Updated on: Monday, March 14, 2011
With a desire to give back to their motherland, most Indian students in the US plan to return home offering a vast pool of talent that would bring top-rate higher education to India's young, a new study suggests.
India needs to recruit at least one million new faculty members for its college and universities if it is to meet the government's goal of making higher education available to 20 percent of young people by 2020.
India thus may be able to recruit some of the academic talent it needs from the more than 100,000 Indians currently studying in the US, suggests the study by Rutgers University, Pennsylvania State University and the Tata Institute of Social Sciences (TISS).
The survey of nearly 1,000 Indians who are either pursuing or have completed graduate study in the US found that only eight percent strongly prefer to remain in the US.
A majority, or 53 per cent, of them planned to return home from the United States after a few years of work, while 21 per cent said they were either in India already or were actively looking to return. The rest are undecided.

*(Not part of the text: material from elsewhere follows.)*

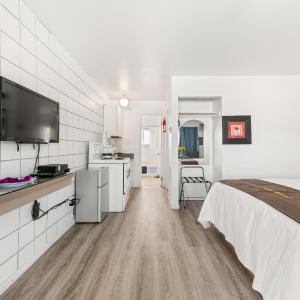 One Bedroom Suite-Two beds-Full Kitchen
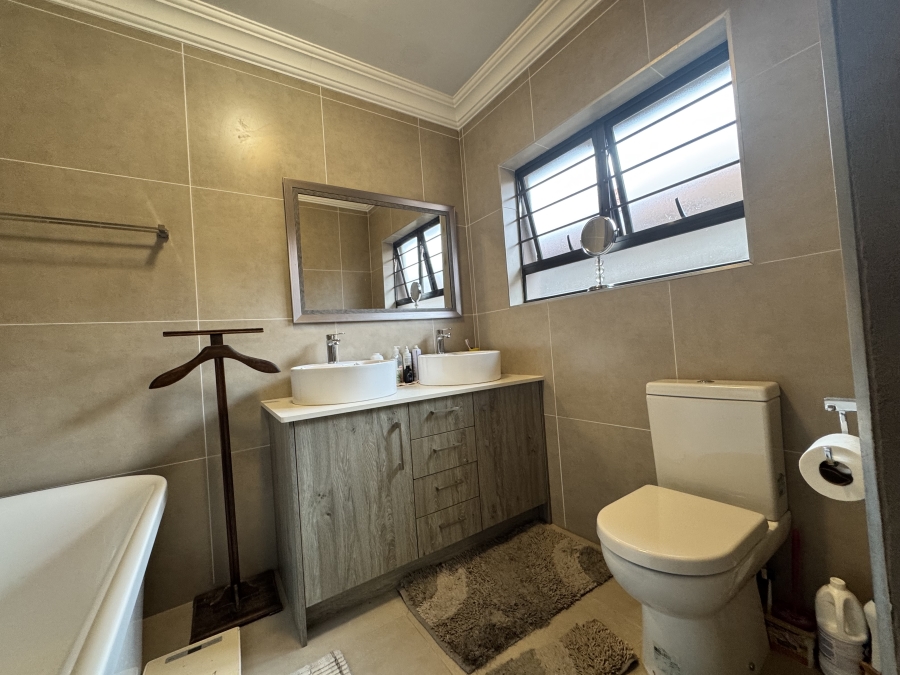 2 Bedroom Property for Sale in Flamwood North West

India's booming economy, better chances to secure a good job, the promise of an affluent lifestyle and being closer to family were the factors fuelling the movement home, the survey said.
The study finds the biggest factors deterring master's, PhD students, and post docs from returning to India are red tape, corruption, and absence of research opportunities, it said.
This could have the twin benefit of filling faculty shortages in India and helping new PhDs in the US who are struggling with a tight job market caused by cutbacks in public higher education.